Camp Colt was a bustling installation of barracks, shops, mess halls and offices with daily routines of infantry training, tank operation, and maneuvers over the historic battlefield. Horse barns from the infantry camp were converted into barracks to house additional troops as they arrived in July and August, a foreboding of what was to come for that most revered and storied branch of the Army, the cavalry. The horse and its stalwart rider were to be replaced by a machine that moved slower than most men could walk and encased the crew in a hot and noisy iron box with limited visibility and poor ventilation. The future of warfare was not to be as glamorous as it had been prior to the start of World War I.
Unfortunately, there were accidents and some deadly. One soldier was killed and two others wounded when a machine gun malfunctioned during training in July and another was killed when he fell from a truck while returning from a social event in nearby York. Fortunately, the majority of training days only saw a handful of minor, non-fatal injuries, though nothing could have prepared the men at Camp Colt for the influenza epidemic that swept the nation in mid-September 1918. Nearly a third of Camp Colt’s personnel came down with the illness, the sick housed in makeshift tent wards on the parade ground. Serious cases were taken to an isolation building at Xavier Hall in Gettysburg, where dealing with death became a daily routine. Over 150 U.S. soldiers assigned to Camp Colt died during the influenza epidemic.

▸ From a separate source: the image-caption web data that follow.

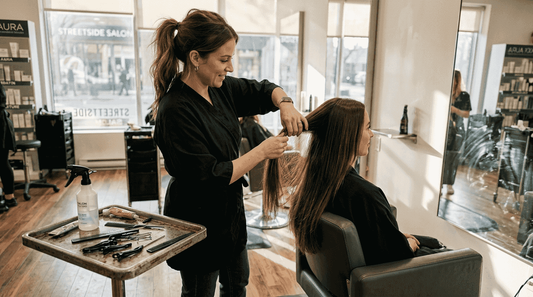 Extension expert checks client’s hair durability in salon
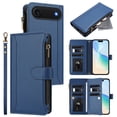 thumbnail image 1 of for iPhone Air Flip Wallet Case, PU Leather Protective Rugged Cover with Credit Card Slots Zipper Pocket, Shock-Absorbent Kickstand Magnetic Closure Lanyard & Shoulder Strap, Darkblue, 1 of 10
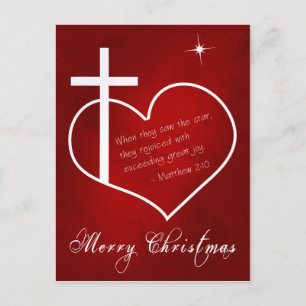 Christian Merry Christmas red customizable Holiday Postcard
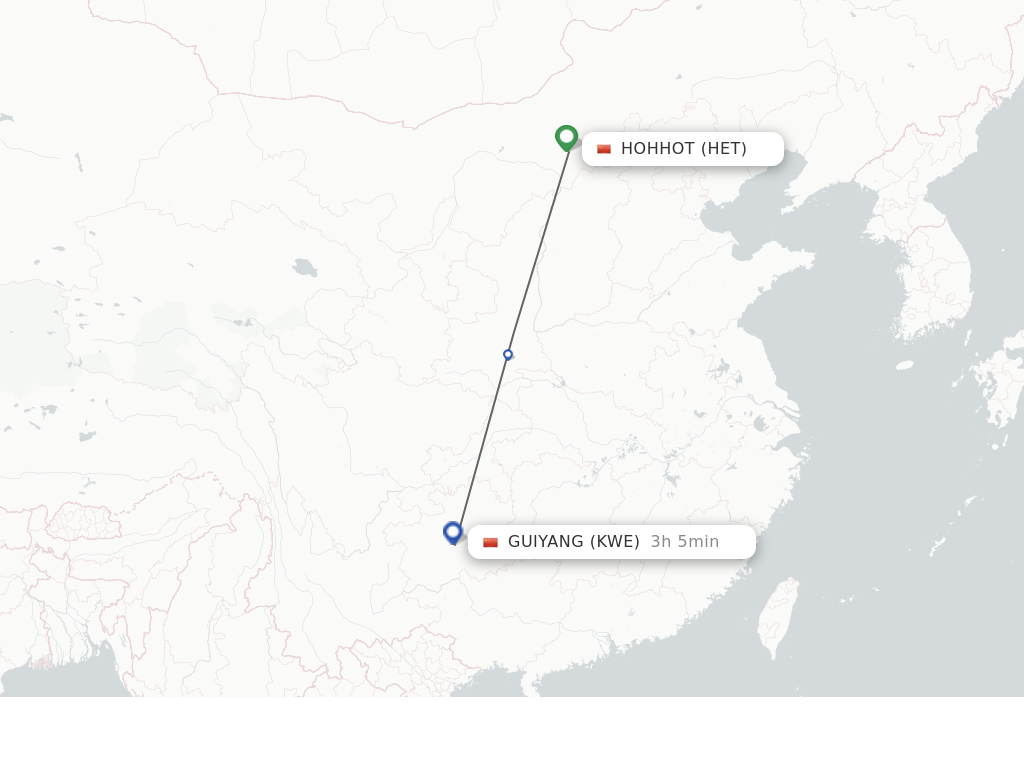 Flights from Hohhot to Guiyang route map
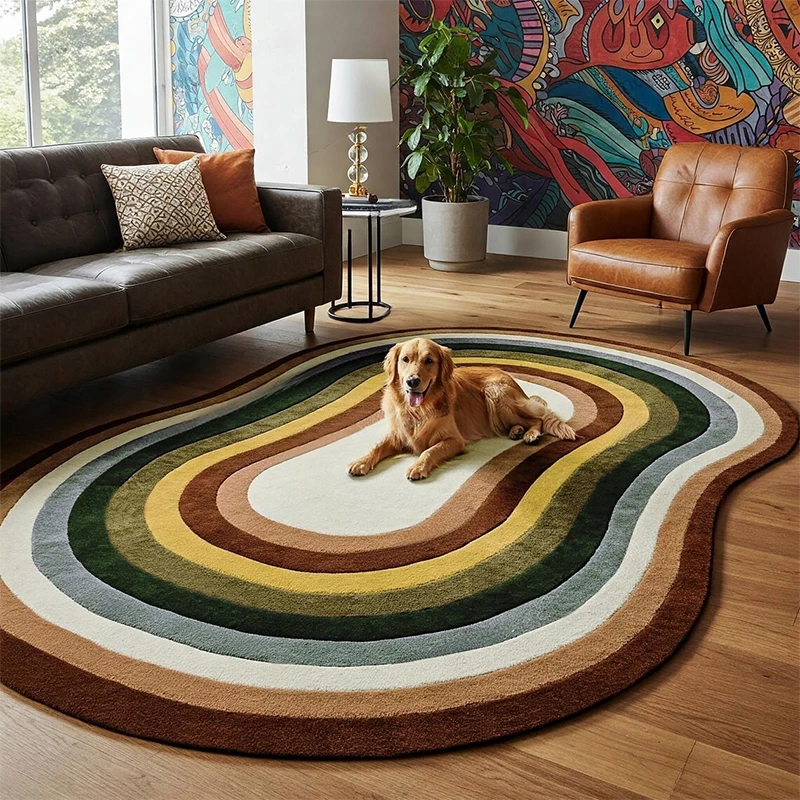 

Irregular Line Decorative Living Room Carpet Fashion Creative Bedroom Bedside Plush Rug Thick Coffee Table Pet Mats Alfombra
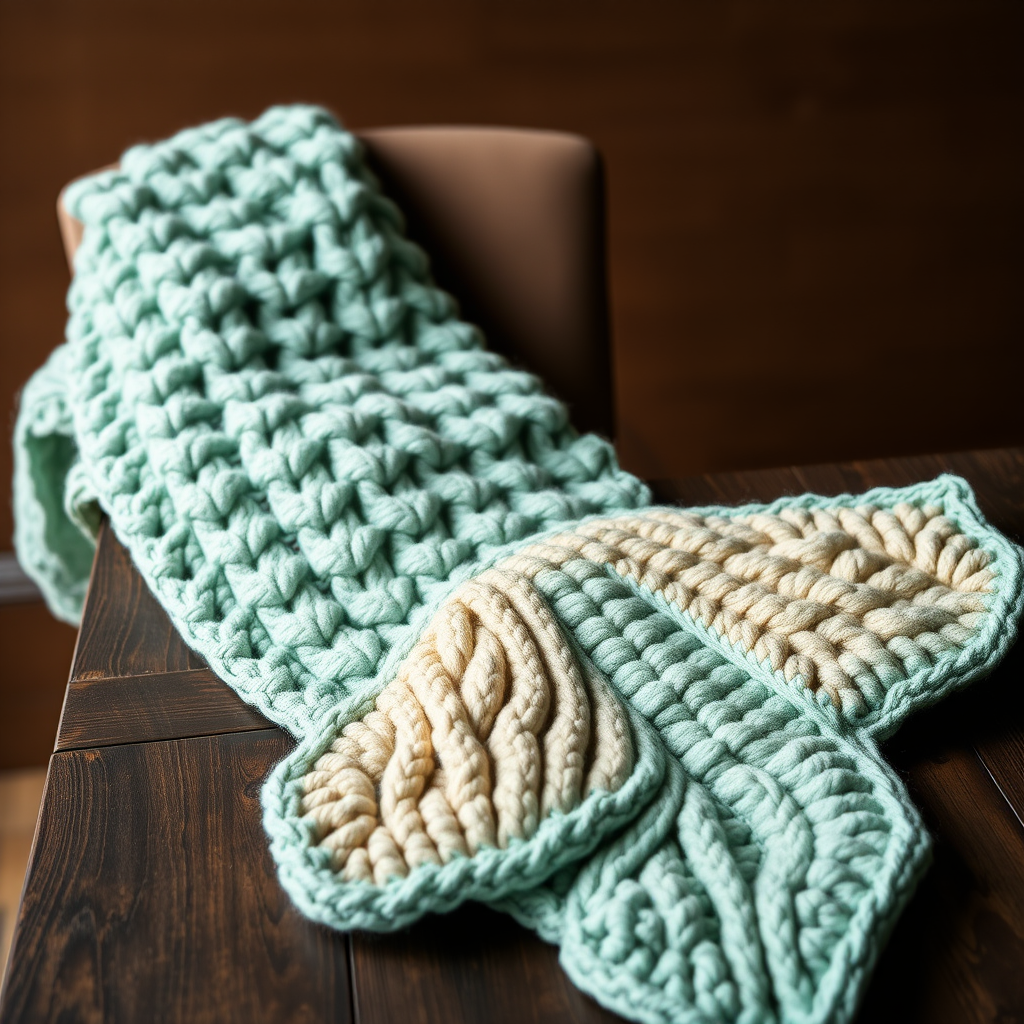 The Seafoam Swirl Mermaid Tail Blanket: A Free Knitting Pattern for a Cozy, Textured Throw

A grateful end to the weeks of sickness in November 1918 preceded the end of Camp Colt. Soldiers were selected for overseas duty and by mid-December, nearly half of the camp’s personnel had been transferred. Even with the Armistice and end of fighting in Europe on November 11, there was still a need for U.S. soldiers for occupation duty and the Tank School at Gettysburg was deemed unnecessary as the Army began to reduce its active bases. Captain Eisenhower left for his new assignment at Fort Benning, Georgia, followed by the last of his soldiers soon after. Camp Colt officially closed in March 1919 and by the end of the year, the barracks, shops, offices and tents were gone with only some of the training trenches and unfilled pits remaining.
Veterans of the Tank Corps who trained at Gettysburg returned in 1954 to plant an evergreen tree at the site of Camp Colt along with a bronze tablet to commemorate the birth of the Tank Corps and honor its commander, Dwight D. Eisenhower- general, president and statesman. Though vandals tried to cut the tree down within a few months of its planting, it was saved thanks to efforts by the National Park Service and Gettysburg residents. The tree survives today, overlooking the spot where Camp Colt once thrived and trained the first tankers of the United States Army. Likewise, Eisenhower never forgot the pleasant atmosphere of the Gettysburg area and chose it as his retirement home, having purchased a farm near the battlefield park two years prior to his retirement from active duty and election as president in 1952. Eisenhower National Historic Site not only commemorates the retirement of one of the country’s finest generals and presidents, it also reminds visitors of his personal tie with the battlefield park and the site of his first major command - the Tank School at Camp Colt.